**DATASET EXCERPT:**
+++
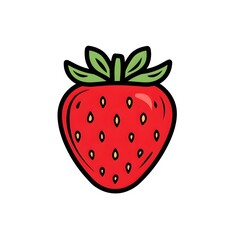 Obraz premium Cartoon illustration of a single red strawberry with green leaves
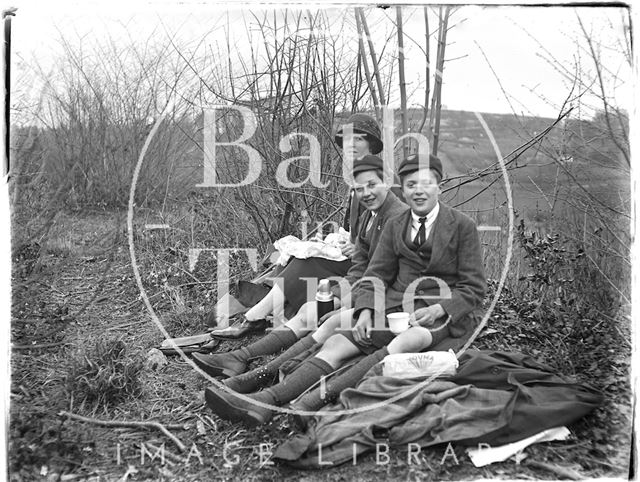 The photographer's wife and twin boys, Avoncliff, Wiltshire 1925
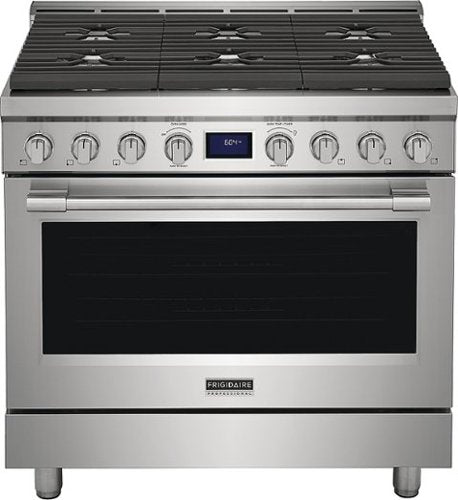 Frigidaire - Professional 36 in. Wide 6 burners 4.4 Cu. Ft. Slide-In Gas True Convection Range with Self-cleaning - Stainless Steel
+++
**TASK BRIEF:** Go through the lines above and write each one out verbatim, skipping the pictures.

**RESPONSE TO THE TASK:**
 Obraz premium Cartoon illustration of a single red strawberry with green leaves
 The photographer's wife and twin boys, Avoncliff, Wiltshire 1925
 Frigidaire - Professional 36 in. Wide 6 burners 4.4 Cu. Ft. Slide-In Gas True Convection Range with Self-cleaning - Stainless Steel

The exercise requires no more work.